On June 9, 2015, a divided panel of the Sixth Circuit Court of Appeals held that the National Labor Relations Board has jurisdiction to enforce the National Labor Relations Act (NLRA) against an Indian tribe even when the Act is in conflict with tribal employment laws or ordinances. NLRB v. Little River Band of Ottawa Indians Tribal Gov’t., Case 14-2239 (6th Cir. June 9, 2015). Based on its legal ruling, the Court granted the NLRB’s application for enforcement of a cease and desist order preventing the Little River Band of Ottawa Indians from enforcing provisions of the Band’s duly enacted Fair Employment Practices Code that the NLRB determined were in conflict with the NLRA.
In 2005, the Little River Band of Ottawa Indians’ Tribal Council enacted a Fair Employment Practices Code (FEPC) that regulated, inter alia, labor organizing and collective bargaining for tribal employees. The NLRB determined that various aspects of the FEPC conflicted with the NLRA and issued a cease and desist order directing the Band to cease enforcement of those provisions. The Band challenged the order, alleging that the NLRB lacked jurisdiction to enforce the NLRA against the Band.

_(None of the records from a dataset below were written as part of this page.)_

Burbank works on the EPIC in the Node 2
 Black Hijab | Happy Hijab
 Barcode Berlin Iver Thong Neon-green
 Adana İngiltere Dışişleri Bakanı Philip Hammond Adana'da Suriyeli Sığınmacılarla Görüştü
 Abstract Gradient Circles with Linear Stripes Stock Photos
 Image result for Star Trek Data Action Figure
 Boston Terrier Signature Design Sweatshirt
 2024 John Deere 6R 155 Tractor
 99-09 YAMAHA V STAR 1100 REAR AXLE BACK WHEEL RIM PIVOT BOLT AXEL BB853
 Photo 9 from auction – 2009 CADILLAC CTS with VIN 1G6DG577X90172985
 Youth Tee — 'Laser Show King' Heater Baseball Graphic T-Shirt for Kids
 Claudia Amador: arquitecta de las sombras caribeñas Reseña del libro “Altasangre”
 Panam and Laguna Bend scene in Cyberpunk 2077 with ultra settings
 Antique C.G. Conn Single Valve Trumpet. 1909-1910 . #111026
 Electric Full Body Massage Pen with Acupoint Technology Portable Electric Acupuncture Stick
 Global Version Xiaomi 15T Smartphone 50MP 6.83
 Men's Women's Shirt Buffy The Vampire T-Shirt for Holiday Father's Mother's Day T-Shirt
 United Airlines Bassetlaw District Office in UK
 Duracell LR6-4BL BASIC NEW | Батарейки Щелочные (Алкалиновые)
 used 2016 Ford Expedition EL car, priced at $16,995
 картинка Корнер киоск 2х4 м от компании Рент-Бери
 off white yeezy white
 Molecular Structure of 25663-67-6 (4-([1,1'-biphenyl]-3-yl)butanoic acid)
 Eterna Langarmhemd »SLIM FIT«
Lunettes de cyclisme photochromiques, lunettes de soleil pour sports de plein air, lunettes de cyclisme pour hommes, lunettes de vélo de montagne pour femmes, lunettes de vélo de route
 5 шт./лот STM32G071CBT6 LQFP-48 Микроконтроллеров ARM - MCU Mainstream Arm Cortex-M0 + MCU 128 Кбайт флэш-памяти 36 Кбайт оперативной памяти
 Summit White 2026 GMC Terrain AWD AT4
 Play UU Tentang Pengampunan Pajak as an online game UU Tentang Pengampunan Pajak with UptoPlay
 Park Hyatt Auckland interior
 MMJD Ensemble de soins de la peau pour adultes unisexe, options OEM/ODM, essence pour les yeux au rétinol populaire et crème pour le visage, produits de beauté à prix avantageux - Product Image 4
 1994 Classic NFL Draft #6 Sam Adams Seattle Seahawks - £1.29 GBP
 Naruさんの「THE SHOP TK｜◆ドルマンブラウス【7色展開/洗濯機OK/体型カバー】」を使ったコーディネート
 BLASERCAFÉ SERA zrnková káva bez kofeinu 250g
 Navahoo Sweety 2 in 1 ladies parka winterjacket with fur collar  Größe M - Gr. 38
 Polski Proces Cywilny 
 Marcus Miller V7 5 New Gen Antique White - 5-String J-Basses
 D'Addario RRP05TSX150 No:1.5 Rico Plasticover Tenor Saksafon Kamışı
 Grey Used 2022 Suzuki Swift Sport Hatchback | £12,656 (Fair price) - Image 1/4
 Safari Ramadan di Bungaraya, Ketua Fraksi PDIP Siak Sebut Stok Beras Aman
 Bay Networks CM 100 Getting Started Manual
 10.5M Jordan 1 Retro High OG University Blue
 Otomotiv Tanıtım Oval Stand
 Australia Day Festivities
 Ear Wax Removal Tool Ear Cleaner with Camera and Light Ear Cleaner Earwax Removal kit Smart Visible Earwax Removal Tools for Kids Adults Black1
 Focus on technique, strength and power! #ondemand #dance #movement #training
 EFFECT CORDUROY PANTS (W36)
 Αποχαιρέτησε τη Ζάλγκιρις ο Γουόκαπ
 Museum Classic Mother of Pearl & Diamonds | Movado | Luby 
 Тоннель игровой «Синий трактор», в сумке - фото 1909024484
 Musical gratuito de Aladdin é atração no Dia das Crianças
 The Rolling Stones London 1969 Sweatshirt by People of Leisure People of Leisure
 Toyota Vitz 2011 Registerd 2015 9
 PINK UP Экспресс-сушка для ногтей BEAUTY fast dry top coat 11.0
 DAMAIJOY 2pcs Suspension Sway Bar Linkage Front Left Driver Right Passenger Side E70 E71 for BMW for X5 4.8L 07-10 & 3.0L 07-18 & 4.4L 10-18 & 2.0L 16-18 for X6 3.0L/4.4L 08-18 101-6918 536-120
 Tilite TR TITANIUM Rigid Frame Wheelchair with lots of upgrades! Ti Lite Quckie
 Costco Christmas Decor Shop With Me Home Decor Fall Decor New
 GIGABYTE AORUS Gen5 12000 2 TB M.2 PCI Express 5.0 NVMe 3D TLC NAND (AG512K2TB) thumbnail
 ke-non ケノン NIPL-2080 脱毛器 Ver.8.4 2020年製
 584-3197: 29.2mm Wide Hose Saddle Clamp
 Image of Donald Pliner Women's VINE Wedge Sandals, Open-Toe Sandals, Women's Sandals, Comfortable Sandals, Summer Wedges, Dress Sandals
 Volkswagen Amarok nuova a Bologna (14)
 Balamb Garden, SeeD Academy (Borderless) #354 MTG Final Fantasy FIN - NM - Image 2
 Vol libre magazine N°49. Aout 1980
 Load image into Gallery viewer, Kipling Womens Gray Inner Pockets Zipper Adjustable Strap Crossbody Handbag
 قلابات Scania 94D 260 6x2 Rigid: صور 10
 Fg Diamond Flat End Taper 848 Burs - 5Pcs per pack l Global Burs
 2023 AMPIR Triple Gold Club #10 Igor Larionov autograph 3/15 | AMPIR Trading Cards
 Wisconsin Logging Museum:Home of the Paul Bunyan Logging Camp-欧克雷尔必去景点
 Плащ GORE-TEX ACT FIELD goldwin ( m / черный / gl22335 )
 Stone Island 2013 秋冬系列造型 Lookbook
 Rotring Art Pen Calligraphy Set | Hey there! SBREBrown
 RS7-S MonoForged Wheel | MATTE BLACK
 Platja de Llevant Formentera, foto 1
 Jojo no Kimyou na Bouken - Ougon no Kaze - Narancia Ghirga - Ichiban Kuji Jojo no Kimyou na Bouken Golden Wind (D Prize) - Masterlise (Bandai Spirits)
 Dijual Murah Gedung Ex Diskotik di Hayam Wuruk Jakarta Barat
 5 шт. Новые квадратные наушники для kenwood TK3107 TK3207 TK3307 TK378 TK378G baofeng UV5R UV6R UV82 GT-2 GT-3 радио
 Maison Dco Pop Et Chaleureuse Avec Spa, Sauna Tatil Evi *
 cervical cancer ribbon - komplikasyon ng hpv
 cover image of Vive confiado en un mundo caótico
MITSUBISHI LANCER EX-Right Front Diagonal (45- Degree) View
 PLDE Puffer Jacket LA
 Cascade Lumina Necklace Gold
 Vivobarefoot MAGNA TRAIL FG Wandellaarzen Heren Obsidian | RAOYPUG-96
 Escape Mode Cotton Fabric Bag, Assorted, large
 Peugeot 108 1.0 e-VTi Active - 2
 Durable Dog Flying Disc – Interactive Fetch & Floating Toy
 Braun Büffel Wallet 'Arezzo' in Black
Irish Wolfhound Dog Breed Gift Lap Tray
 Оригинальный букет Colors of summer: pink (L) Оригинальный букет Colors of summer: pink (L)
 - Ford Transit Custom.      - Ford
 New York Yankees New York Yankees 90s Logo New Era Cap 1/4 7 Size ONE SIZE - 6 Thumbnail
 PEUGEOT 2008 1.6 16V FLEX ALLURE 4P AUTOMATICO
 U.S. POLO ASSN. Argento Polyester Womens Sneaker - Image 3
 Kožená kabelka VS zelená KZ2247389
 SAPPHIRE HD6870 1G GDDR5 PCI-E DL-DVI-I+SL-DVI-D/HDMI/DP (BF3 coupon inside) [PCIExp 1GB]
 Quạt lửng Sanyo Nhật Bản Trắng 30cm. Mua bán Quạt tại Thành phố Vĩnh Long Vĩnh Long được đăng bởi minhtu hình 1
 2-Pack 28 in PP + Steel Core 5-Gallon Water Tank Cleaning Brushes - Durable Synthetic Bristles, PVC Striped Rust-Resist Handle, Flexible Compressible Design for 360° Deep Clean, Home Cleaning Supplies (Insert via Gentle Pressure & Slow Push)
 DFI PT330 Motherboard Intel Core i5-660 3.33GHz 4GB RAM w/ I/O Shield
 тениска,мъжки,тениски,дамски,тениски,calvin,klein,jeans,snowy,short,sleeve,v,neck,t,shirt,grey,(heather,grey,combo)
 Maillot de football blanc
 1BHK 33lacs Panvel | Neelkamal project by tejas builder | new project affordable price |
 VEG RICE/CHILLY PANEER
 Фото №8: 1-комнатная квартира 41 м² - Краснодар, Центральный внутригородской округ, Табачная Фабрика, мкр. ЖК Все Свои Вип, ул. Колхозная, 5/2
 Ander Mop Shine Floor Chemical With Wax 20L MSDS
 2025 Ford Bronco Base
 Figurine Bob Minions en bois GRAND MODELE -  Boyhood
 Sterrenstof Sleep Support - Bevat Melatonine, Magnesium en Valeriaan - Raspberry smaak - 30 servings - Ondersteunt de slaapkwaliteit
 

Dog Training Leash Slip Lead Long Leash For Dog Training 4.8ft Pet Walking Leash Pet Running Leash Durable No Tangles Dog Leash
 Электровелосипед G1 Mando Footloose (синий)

In holding that the NLRB has jurisdiction to enforce the NLRA against a federally recognized Indian tribe, the panel majority applied its interpretation of the framework adopted by the Ninth Circuit in Donovan v. Couer d’Alene Tribal Farm, 751 F.2d 1113, 1116 (9th Cir. 1985). The majority held that (1) the NLRA is a statute of general applicability that creates a comprehensive regulatory scheme; (2) such statutes presumptively apply to tribes; and (3) a tribe cannot “avoid the presumptive application of a comprehensive federal regulatory scheme by enacting an ordinance regulating the activities of non-members that directly conflicts with the federal statute.” Little River Slip op. at 12, 16. The majority rejected the Band’s arguments that the Indian canons of construction and/or IGRA’s policy statement militate against application of the NLRA to tribal casino operations, and it concluded that application of the NLRA to tribes does not impermissibly infringe on tribal self-governance rights because the provisions of the Band’s FEPC at issue “do not regulate purely internal matters; rather, they principally regulate the labor-organizing activities of Band employees, and specifically of casino employees, most of whom are not Band members.” Id. at 19. In so holding, the panel expressly rejected the reasoning of the Tenth Circuit in NLRB v. Pueblo of San Juan, 276 F.3d 1186 (10th Cir. 2002) (en banc).
Judge McKeague authored a strong dissent criticizing the panel majority’s “judicial remaking of the law that is authorized neither by Congress nor the Supreme Court” and declaring that the “majority’s decision impinges on tribal sovereignty, encroaches on Congress’s plenary and exclusive authority over Indian affairs, conflicts with Supreme Court precedent, and unwisely creates a circuit split.” Little River Slip op. at 25 (McKeague, J., dissenting). In Justice McKeague’s view, the NLRB’s assertion of jurisdiction over Indian casino employees “is plainly beyond its authority” and constitutes a “usurpation of Congress’s authority.” Id. at 37.